Production Clusters
This guide explains things to consider to create a production quality Talos Linux cluster for bare metal. Check out the Reference Architecture documentation for architectural diagrams and guidance on creating production-grade clusters in other environments.
This guide assumes that you’ve already created a development cluster and are familiar with the Getting Started documentation. If not, please refer to the Getting Started guide for more information.
When moving from a learning environment to a production-ready Talos Linux cluster, you have to consider several critical factors:
- High availability for your control plane nodes.
- Secure configuration management.
- Reliability for continuous service and minimal downtime.
- Authentication for access control.
Follow the steps below to build a production-grade Talos cluster that is highly available, reliable, and secure.
Note: Check out Omni for managing large-scale Talos Linux clusters automatically.
Step 1: Prepare Your Infrastructure
To create your production cluster infrastructure :
- Boot your machines using the Talos ISO image
- Ensure network access on your nodes.
Here is how to do each step:
Boot Your Machines Using the Talos ISO Image
Follow these steps to boot your machines using the Talos ISO image:
Download the latest ISO for your infrastructure depending on the hardware type from the Talos Image factory.
Note: For network booting and self-built media using published kernel there are a number of required kernel parameters. Please see the kernel docs getting-started for more information.
Boot three control planes using the ISO image you just downloaded.
Boot additional machines as worker nodes.
Ensure Network Access
If your nodes are behind a firewall, in a private network, or otherwise not directly reachable, you would need to configure a load balancer to forward TCP port 50000 to reach the nodes for Talos API access.
Note: Because the Talos Linux API uses gRPC and mutual TLS, it cannot be proxied by a HTTP/S proxy, but only by a TCP load balancer.
With your control plane and worker nodes booted, next configure your Kubernetes endpoint.
Step 2: Store Your IP Addresses in a Variable
To store variables for your machines’ IP addresses:
Copy the IP address displayed on each machine console, including the control plane and any worker nodes you’ve created.

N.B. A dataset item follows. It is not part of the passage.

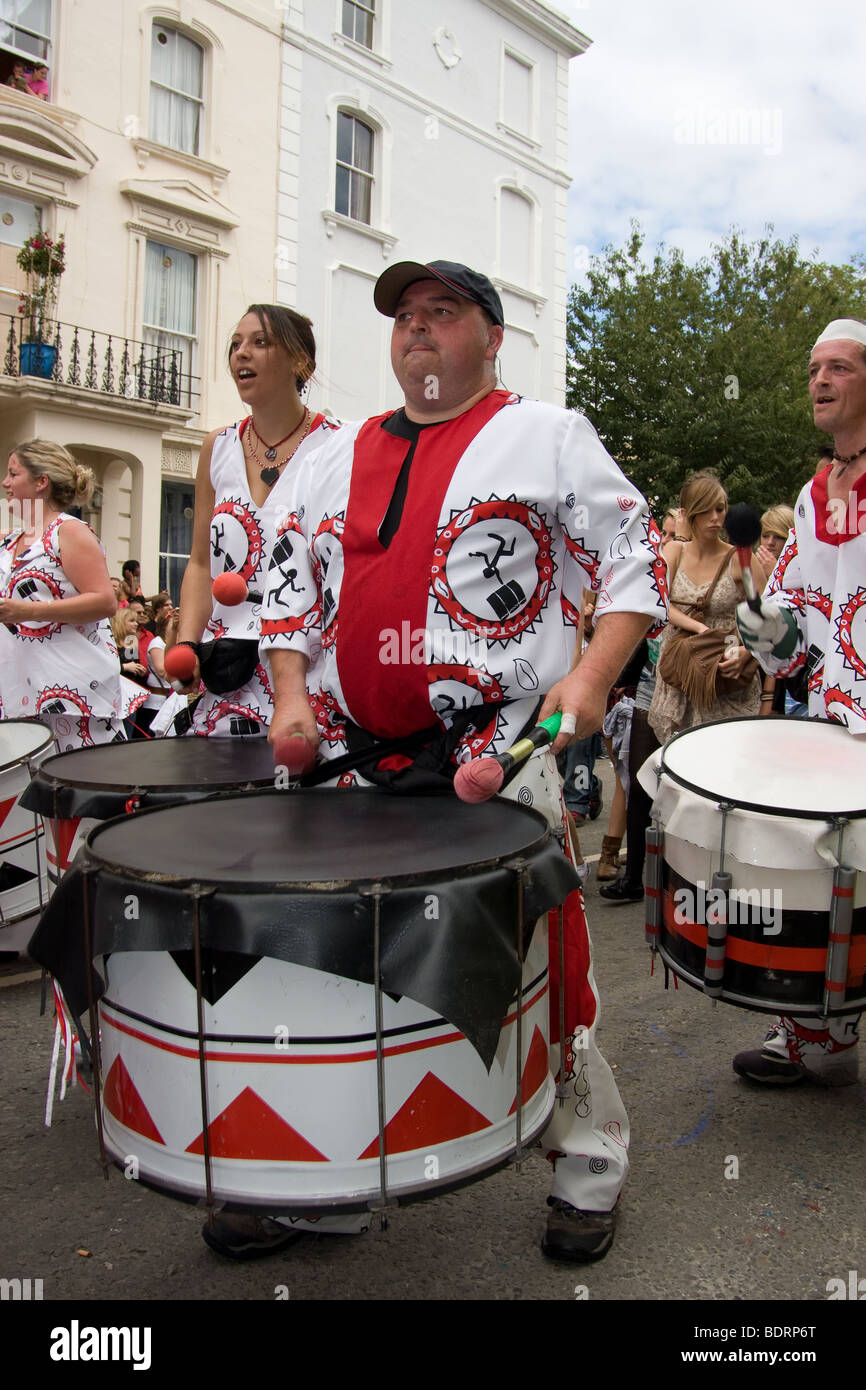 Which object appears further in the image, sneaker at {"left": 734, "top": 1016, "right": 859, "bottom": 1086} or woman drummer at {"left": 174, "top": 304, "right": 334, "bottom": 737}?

If you don’t have a display connected, retrieve the IP addresses from your DHCP server.
Create a Bash array for your control plane node IP addresses, replacing each
<control-plane-ip>
placeholder with the IP address of a control plane node. You can include as many IP addresses as needed:bashCONTROL_PLANE_IP=("<control-plane-ip-1>" "<control-plane-ip-2>" "<control-plane-ip-3>")
For example:
If your control plane nodes IP addresses are
192.168.0.2
,192.168.0.3
,192.168.0.4
, your command would be:bashCONTROL_PLANE_IP= ("192.168.0.2" "192.168.0.3" "192.168.0.4")
If you have worker nodes, store their IP addresses in a Bash array. Replace each
<worker-ip>
placeholder with the actual IP address of a worker node. You can include as many IP addresses as needed:bashWORKER_IP=("<worker-ip-1>" "<worker-ip-2>" "<worker-ip-3>")
Step 3: Decide Your Kubernetes Endpoint
You’ve set up multiple control planes for high availability, but they only provide true high availability if the Kubernetes API server endpoint can reach all control plane nodes.
Here are two common ways to configure this:
- Dedicated load balancer: Set a dedicated load balancer that route to your control plane nodes.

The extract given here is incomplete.